Entries shown Start Marker

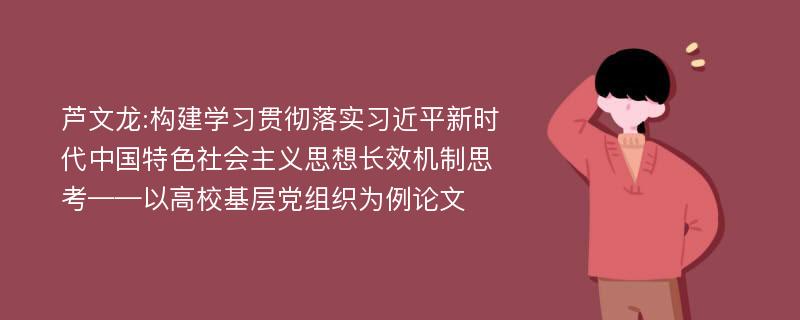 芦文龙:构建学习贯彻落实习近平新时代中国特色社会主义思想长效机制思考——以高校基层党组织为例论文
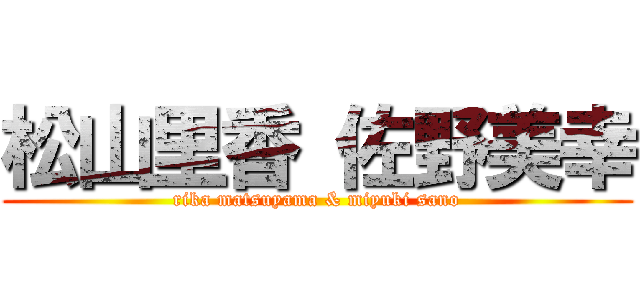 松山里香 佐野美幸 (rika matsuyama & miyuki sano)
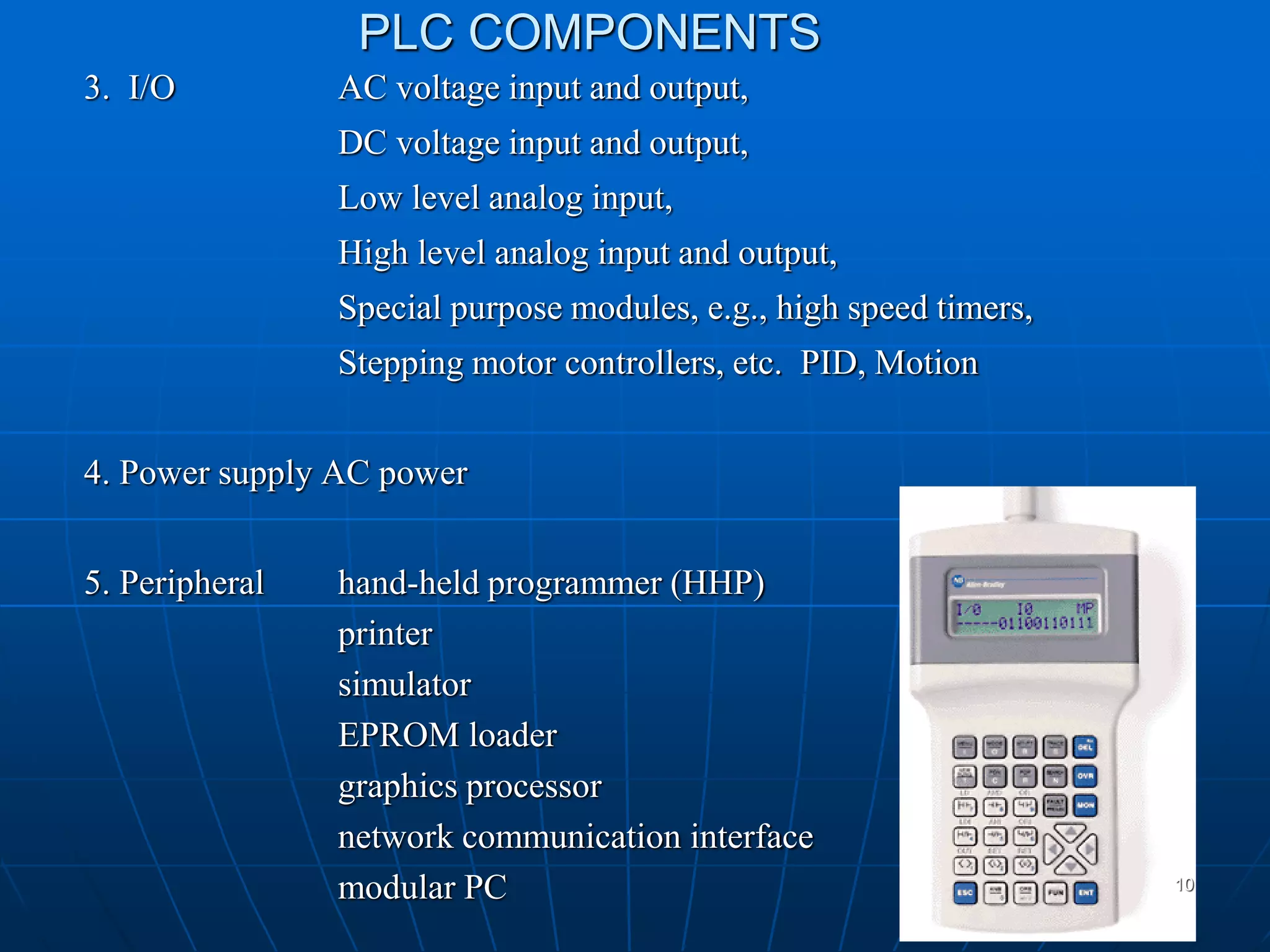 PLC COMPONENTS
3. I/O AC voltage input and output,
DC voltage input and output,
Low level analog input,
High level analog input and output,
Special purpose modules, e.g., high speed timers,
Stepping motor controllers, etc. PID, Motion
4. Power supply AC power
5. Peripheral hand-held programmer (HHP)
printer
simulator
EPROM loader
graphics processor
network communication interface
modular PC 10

Entries shown End Marker
Entries shown Start Marker

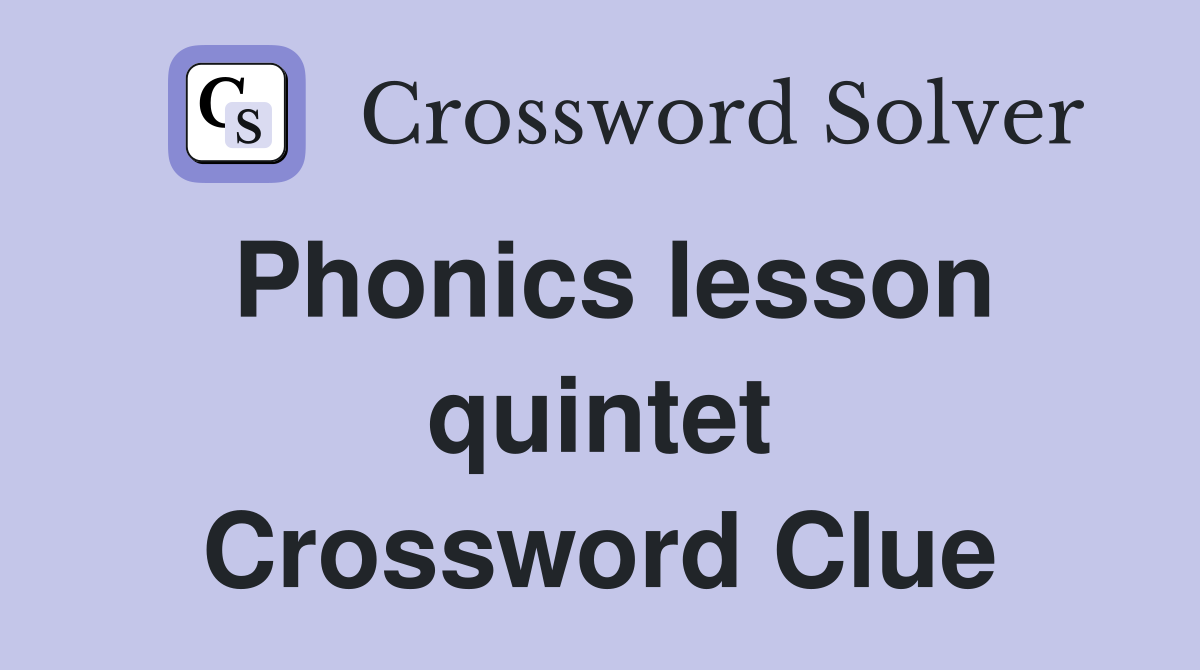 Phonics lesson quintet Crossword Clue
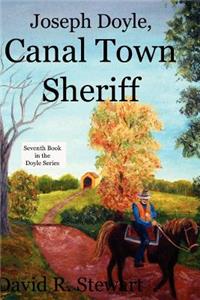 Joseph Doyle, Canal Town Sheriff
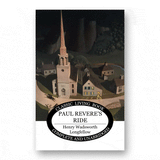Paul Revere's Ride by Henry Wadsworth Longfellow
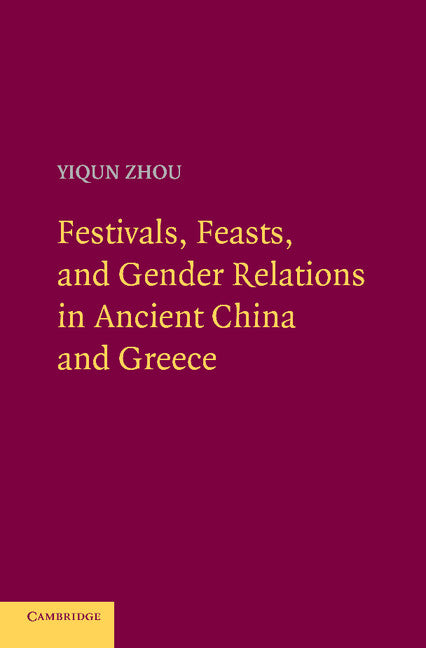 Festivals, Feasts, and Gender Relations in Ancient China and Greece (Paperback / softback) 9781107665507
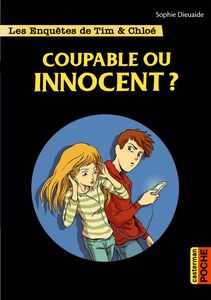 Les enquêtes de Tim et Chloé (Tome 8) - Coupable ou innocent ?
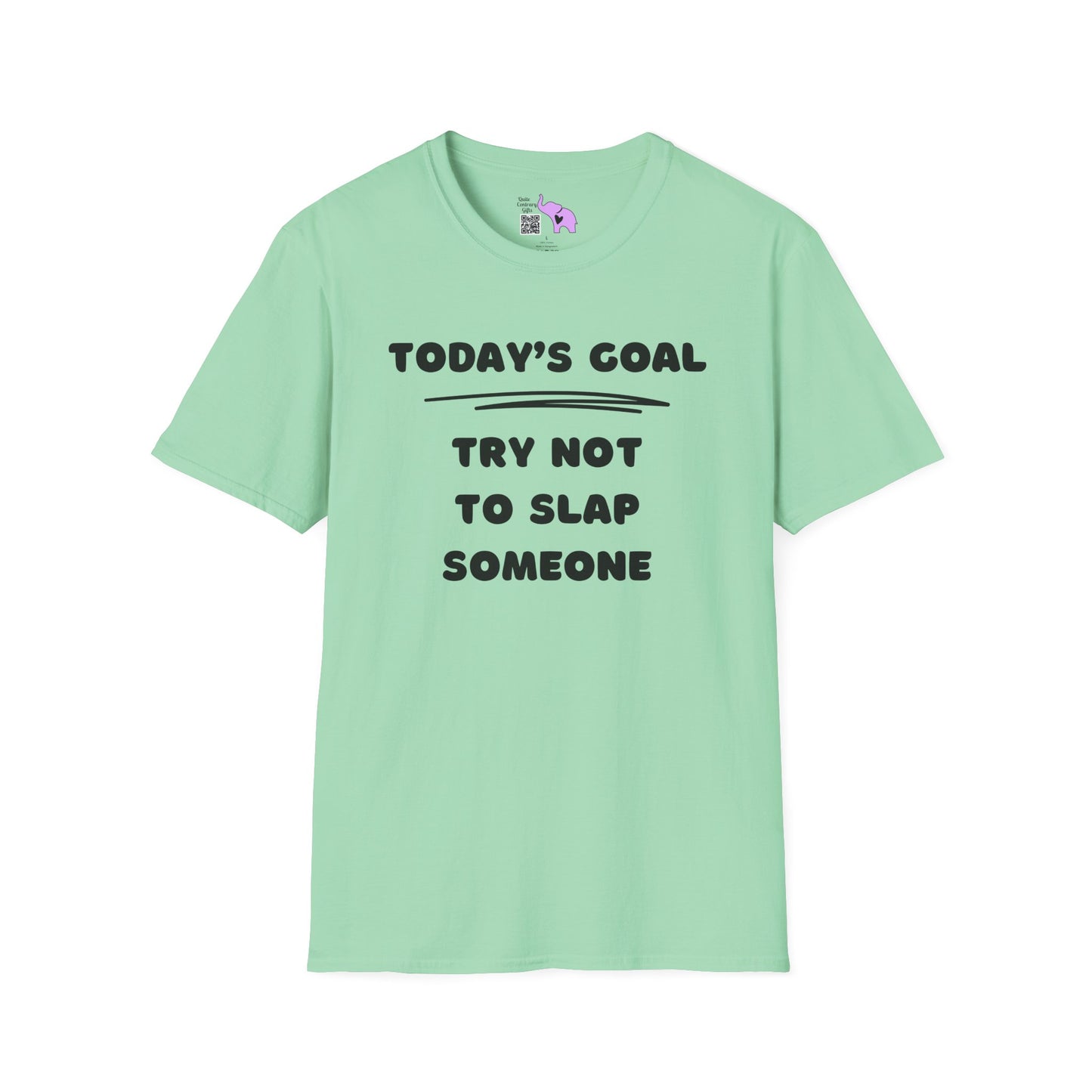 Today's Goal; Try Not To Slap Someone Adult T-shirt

Entries shown End Marker

— Exercise goal —
What you return must match, character for character, the lines above from the one with "芦文龙:构建学习贯彻落实习近" through the one with "modular PC 10", minus any pictures.

— Final answer —
 芦文龙:构建学习贯彻落实习近平新时代中国特色社会主义思想长效机制思考——以高校基层党组织为例论文
 松山里香 佐野美幸 (rika matsuyama & miyuki sano)
 PLC COMPONENTS
3. I/O AC voltage input and output,
DC voltage input and output,
Low level analog input,
High level analog input and output,
Special purpose modules, e.g., high speed timers,
Stepping motor controllers, etc. PID, Motion
4. Power supply AC power
5. Peripheral hand-held programmer (HHP)
printer
simulator
EPROM loader
graphics processor
network communication interface
modular PC 10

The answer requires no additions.